__TASK REQUIREMENTS__:
From the records below, print exactly the lines starting at the one containing "At the Sivash Sea" and ending at the one containing "720009 Peacock Butterfly", ends included, and nothing else.

__INPUT__:
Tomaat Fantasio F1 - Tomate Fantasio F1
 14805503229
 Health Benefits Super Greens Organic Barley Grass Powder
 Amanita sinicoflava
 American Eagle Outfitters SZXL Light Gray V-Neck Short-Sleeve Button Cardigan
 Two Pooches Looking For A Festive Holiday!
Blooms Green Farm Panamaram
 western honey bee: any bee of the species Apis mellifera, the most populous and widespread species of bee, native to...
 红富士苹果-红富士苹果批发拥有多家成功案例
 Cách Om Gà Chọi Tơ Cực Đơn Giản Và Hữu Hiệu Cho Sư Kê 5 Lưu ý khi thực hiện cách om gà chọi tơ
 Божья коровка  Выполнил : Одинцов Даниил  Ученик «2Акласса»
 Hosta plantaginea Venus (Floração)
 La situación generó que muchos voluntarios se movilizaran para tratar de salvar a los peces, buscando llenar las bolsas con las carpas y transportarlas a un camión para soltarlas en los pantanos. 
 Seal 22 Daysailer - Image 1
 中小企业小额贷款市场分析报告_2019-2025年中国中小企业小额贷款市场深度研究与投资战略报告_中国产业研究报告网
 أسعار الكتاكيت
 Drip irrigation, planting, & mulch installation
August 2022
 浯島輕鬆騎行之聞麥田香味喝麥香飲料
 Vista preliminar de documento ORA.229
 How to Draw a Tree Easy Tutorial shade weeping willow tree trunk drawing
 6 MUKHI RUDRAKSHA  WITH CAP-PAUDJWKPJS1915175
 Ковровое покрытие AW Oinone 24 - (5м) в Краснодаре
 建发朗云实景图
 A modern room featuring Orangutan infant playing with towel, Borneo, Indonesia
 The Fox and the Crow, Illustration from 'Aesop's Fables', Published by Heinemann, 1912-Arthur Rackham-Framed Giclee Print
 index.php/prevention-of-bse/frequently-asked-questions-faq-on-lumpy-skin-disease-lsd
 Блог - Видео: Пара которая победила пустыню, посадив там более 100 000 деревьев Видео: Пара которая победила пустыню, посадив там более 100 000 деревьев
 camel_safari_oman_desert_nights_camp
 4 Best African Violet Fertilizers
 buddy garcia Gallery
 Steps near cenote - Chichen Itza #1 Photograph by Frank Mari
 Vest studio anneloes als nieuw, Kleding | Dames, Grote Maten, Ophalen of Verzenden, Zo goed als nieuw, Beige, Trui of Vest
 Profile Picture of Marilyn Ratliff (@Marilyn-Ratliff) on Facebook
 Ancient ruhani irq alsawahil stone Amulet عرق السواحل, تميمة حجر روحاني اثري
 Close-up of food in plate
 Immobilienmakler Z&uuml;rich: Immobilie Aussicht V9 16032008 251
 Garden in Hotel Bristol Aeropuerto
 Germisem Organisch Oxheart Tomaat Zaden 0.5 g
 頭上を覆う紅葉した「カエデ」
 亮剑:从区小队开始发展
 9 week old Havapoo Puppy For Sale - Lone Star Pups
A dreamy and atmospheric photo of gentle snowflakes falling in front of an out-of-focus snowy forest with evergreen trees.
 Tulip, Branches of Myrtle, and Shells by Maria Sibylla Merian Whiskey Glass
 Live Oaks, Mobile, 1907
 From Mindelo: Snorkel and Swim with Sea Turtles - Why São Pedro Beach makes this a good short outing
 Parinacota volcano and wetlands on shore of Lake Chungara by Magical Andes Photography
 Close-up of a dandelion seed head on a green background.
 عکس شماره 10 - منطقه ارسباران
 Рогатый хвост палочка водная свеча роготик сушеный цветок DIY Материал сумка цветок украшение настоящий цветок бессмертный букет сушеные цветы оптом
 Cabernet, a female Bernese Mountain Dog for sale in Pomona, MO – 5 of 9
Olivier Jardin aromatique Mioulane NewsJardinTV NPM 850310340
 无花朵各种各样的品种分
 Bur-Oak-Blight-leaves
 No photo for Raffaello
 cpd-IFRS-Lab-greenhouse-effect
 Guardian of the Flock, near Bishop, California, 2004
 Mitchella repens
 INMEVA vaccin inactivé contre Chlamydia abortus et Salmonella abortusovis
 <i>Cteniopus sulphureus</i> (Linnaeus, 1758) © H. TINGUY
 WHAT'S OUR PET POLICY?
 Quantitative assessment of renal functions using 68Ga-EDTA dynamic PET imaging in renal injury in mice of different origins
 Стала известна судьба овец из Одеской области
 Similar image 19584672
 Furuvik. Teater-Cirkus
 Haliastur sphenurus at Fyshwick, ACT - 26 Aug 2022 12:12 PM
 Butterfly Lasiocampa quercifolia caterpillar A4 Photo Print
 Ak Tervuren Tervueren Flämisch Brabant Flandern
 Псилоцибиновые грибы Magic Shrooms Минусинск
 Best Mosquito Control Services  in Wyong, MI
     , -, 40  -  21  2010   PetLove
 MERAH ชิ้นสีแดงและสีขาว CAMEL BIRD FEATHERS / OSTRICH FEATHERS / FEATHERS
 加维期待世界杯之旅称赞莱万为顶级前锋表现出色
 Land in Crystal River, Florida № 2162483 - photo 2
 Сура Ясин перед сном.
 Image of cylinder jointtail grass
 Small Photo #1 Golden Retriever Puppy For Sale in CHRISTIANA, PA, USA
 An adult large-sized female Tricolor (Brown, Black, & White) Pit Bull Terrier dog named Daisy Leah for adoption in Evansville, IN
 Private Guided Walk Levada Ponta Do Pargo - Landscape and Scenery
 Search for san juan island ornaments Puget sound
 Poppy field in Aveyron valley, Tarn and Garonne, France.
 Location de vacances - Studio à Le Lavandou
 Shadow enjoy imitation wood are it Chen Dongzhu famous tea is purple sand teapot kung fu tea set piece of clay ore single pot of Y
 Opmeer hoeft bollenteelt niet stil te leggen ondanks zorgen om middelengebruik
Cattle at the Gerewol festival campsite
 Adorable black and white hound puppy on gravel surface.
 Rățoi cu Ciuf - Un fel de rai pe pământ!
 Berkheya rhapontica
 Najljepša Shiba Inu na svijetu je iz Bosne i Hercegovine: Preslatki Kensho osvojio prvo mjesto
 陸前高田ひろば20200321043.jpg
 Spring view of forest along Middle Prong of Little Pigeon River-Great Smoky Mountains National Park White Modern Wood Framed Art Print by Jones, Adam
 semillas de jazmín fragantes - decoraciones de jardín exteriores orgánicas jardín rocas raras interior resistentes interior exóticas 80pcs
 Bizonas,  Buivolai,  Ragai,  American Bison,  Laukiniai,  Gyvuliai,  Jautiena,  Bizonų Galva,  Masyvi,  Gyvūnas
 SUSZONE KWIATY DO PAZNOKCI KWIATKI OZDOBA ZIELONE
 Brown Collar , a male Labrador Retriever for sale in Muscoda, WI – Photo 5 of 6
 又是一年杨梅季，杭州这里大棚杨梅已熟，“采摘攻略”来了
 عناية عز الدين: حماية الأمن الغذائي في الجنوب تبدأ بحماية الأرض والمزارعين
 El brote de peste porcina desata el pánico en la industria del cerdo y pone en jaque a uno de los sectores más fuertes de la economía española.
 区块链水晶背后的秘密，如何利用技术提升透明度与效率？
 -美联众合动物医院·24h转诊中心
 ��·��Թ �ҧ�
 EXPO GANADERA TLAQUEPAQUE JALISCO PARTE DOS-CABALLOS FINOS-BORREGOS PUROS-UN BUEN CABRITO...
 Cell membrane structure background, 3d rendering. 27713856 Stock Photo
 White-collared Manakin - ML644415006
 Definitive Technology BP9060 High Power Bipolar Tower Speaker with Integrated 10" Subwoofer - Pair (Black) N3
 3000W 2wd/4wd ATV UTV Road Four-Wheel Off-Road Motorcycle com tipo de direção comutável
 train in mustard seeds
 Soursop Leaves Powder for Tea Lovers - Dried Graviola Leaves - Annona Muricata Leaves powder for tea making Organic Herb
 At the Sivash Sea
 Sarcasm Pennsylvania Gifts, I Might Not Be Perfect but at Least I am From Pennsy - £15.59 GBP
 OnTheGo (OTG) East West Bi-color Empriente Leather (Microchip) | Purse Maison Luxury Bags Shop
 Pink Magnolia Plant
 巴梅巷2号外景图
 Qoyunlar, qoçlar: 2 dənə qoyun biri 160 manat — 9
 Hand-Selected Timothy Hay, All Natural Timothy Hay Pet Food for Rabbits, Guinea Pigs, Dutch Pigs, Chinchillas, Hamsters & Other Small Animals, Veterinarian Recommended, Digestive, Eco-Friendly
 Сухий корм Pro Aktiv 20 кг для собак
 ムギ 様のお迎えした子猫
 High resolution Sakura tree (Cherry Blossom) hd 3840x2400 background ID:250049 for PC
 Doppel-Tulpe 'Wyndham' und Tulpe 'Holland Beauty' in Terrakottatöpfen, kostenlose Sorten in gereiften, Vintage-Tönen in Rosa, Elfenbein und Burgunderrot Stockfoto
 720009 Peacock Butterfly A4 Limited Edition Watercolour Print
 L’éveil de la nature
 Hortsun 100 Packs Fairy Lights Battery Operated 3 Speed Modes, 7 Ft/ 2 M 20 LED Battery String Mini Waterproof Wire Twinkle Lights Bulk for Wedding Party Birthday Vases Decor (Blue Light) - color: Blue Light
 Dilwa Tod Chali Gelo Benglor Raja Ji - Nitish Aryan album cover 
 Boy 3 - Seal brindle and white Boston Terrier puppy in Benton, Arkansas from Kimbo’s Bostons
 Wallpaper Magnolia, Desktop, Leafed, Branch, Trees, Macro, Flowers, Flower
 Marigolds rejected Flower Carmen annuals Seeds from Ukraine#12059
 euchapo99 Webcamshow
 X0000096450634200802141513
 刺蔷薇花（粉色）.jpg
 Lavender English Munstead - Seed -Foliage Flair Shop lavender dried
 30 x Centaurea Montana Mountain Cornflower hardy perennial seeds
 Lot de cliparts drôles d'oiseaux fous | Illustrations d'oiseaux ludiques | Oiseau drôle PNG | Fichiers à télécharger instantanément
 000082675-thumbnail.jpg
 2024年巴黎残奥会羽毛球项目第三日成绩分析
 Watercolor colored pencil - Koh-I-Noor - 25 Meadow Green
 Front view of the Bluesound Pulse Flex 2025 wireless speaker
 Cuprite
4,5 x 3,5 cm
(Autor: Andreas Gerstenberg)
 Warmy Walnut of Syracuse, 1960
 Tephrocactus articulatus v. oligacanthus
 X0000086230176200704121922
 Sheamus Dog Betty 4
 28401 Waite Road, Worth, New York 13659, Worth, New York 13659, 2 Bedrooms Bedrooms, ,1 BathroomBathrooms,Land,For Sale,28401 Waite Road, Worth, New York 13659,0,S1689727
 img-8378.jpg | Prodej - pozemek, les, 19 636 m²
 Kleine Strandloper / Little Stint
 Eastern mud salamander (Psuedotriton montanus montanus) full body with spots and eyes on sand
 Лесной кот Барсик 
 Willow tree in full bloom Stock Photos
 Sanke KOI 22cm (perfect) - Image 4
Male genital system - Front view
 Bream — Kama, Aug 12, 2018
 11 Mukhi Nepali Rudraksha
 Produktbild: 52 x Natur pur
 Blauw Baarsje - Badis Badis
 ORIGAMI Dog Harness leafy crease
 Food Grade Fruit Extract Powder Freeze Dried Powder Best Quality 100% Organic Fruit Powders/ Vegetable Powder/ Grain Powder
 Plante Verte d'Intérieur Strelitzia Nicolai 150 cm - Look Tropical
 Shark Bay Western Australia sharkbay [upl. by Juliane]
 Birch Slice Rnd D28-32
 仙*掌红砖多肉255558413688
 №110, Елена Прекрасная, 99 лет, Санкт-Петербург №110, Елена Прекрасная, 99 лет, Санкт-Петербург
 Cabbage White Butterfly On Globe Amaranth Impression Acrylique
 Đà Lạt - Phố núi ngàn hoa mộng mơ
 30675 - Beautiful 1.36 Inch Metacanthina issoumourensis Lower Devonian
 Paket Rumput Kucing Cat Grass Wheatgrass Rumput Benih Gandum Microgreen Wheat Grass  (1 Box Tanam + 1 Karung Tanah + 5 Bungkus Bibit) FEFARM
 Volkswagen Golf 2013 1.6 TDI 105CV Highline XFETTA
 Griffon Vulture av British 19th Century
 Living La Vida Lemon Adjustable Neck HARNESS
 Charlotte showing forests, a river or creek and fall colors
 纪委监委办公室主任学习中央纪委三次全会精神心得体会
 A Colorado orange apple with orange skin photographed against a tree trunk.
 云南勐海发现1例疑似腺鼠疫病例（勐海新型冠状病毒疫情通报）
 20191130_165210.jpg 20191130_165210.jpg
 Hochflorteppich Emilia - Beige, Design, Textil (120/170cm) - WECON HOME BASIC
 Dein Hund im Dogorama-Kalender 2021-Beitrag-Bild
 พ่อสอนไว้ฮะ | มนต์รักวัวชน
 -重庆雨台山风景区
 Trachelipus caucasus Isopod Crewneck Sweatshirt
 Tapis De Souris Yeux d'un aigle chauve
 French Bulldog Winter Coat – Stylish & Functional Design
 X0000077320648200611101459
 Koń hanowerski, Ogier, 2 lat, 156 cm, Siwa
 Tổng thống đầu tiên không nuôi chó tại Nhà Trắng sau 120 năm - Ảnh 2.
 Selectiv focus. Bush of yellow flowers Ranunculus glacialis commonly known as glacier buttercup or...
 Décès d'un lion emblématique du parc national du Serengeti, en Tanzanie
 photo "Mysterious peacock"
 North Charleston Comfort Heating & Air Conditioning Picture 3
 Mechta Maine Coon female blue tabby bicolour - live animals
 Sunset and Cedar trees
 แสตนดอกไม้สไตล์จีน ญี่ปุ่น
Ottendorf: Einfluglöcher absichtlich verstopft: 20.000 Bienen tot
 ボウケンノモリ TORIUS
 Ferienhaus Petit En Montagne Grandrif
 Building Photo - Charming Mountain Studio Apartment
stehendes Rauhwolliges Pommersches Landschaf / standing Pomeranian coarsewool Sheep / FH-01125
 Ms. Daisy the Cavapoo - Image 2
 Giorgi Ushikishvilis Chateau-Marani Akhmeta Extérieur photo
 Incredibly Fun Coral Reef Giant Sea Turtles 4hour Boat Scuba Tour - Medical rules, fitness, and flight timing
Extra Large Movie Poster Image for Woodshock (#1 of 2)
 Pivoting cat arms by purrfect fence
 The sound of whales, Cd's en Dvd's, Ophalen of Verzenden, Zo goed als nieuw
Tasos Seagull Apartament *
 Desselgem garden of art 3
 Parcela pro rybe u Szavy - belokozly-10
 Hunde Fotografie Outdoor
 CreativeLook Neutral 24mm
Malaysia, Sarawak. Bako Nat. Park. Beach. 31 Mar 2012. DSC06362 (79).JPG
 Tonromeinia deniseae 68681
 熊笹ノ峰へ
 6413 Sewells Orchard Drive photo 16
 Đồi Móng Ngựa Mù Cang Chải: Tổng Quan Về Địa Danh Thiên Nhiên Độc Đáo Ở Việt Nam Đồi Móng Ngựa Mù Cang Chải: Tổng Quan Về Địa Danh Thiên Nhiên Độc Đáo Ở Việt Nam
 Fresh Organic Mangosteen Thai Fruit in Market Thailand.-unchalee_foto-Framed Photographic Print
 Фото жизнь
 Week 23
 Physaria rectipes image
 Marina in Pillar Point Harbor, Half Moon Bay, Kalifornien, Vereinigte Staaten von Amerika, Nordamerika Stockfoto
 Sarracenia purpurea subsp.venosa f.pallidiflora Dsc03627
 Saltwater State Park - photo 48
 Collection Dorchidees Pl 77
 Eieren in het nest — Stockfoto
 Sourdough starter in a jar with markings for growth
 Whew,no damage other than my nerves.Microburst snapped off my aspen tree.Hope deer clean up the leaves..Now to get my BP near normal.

__OUTPUT OF THE EXERCISE__:
 At the Sivash Sea
 Sarcasm Pennsylvania Gifts, I Might Not Be Perfect but at Least I am From Pennsy - £15.59 GBP
 OnTheGo (OTG) East West Bi-color Empriente Leather (Microchip) | Purse Maison Luxury Bags Shop
 Pink Magnolia Plant
 巴梅巷2号外景图
 Qoyunlar, qoçlar: 2 dənə qoyun biri 160 manat — 9
 Hand-Selected Timothy Hay, All Natural Timothy Hay Pet Food for Rabbits, Guinea Pigs, Dutch Pigs, Chinchillas, Hamsters & Other Small Animals, Veterinarian Recommended, Digestive, Eco-Friendly
 Сухий корм Pro Aktiv 20 кг для собак
 ムギ 様のお迎えした子猫
 High resolution Sakura tree (Cherry Blossom) hd 3840x2400 background ID:250049 for PC
 Doppel-Tulpe 'Wyndham' und Tulpe 'Holland Beauty' in Terrakottatöpfen, kostenlose Sorten in gereiften, Vintage-Tönen in Rosa, Elfenbein und Burgunderrot Stockfoto
 720009 Peacock Butterfly A4 Limited Edition Watercolour Print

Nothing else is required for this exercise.